DARDEN, J.
On October 30, 2009, the trial court entered its order, stating, in part, as follows:
Rogers has paid more than his pro rata share of the amounts that have been paid to the banks. He has paid all the amounts alleged in the complaint, more than $88,000, and Small has paid none. Small is liable to Rogers for his pro rata share of the amounts paid. It is not necessary that Rogers have paid the liability in full. . . . The law finds the right of contribution when one party pays more than his share of the common obligation. Here, Rogers paid a portion of the demanded amounts due to the Demands made from the banks and in order to prevent the banks from instituting the threatened lawsuits. Small did not pay at all. Rogers, therefore, paid more than his share and has a right to contribution from his co-guarantors.
(App. 8-9). Accordingly, the trial court granted summary judgment in favor of Rogers.
. . . .
Citing to Balvich [v. Spicer, 894 N.E.2d 235 (Ind. Ct. App. 2008)], Rogers argues that “the undisputed facts demonstrate that Rogers has a right of contribution against co-guarantor Small for $43,050.47, the total amount paid by Rogers in excess of his pro rata share.” . . . Rogers, however, misconstrues Balvich.
. . . .
Among the issues raised, the Balviches argued “the remedy of contribution was not proper because the Spicers ‘did not pay the judgments in full.’” Id. at 245 . . . . In so arguing, the Balviches cited to Indiana Code section 34-22-1-6, which provides:
A person who:
(1) is one (1) of several:
(A) judgment defendants; or
(B) replevin sureties; and
(2) paid and satisfied the plaintiff;
has the remedy provided in section 5 of this chapter against the codefendants or cosureties to collect from them the ratable proportion each is equitably bound to pay.
(Emphasis added).
The Balvich-court found that “[c]ontrary to the Balviches’ claims, the statute does not contain a requirement that the judgment must be paid ‘in full’ or in its entirety.’” Id. at 247. Rather, this court held that Indiana Code section 34-22-1-6 “simply means that the Spicers may pursue the co-loan guarantors pursuant to the judgments that were entered,” where the Spicers paid the creditors and satisfied the judgments as they “pertained to the Spicers’ obligation as evidenced by the release of judgment[s].” Id.

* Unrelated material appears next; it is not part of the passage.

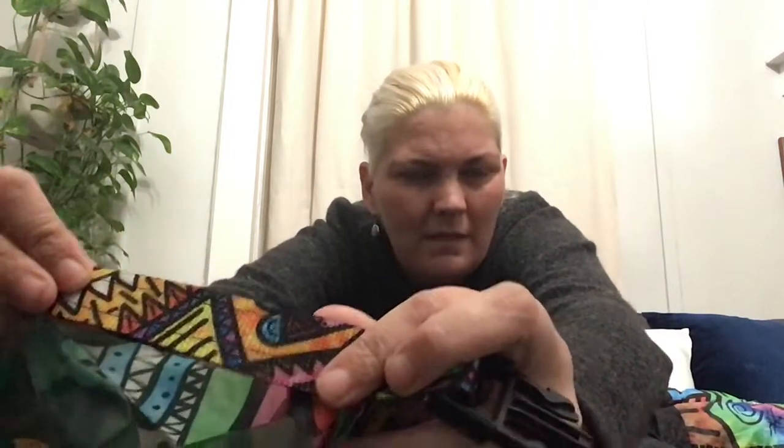The other thing I used here is printed webbing — the coloring book printed webbing from Ripstop by the Roll. I got all of the stuff except for the down from them, and I'm going to talk about where I got my down from.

Balvich is distinguishable from the case at hand. In Balvich, the banks reduced the co-guarantors’ debt to two judgments. The Spicers subsequently paid more than their proportionate share of the judgments, thereby satisfying the judgments.
Here, unlike in Balvich, the debt owed by Rogers and Small has not been reduced to judgment. Thus, there can be no satisfaction of the judgment, and therefore, no discharge of the debt. Cf. Titan Loan Inv. Fund, L.P. v. Marion Hotel Partners, LLC, 891 N.E.2d 74, 77 (Ind. Ct. App. 2008) (stating that where the judgment has been satisfied, the judgment debt is discharged), trans. denied.
Rather, in this case, the debt still exists. Rogers did not discharge the debt, either by paying the debt or a judgment on the debt. See Balvich, 894 N.E.2d at 243 (noting that contribution involves the reimbursement of one who has discharged a common liability). Furthermore, the amounts paid by Rogers do not constitute more than his proportionate share of the more than $5,000,000.00 of debt incurred. He therefore is not entitled to contribution from his co-guarantors at this time. [Footnote omitted.] Finding that Rogers is not entitled to judgment as a matter of law, we hereby reverse the trial court’s entry of summary judgment for Rogers. [Footnote omitted.]
BRADFORD, J., and BROWN, J., concur.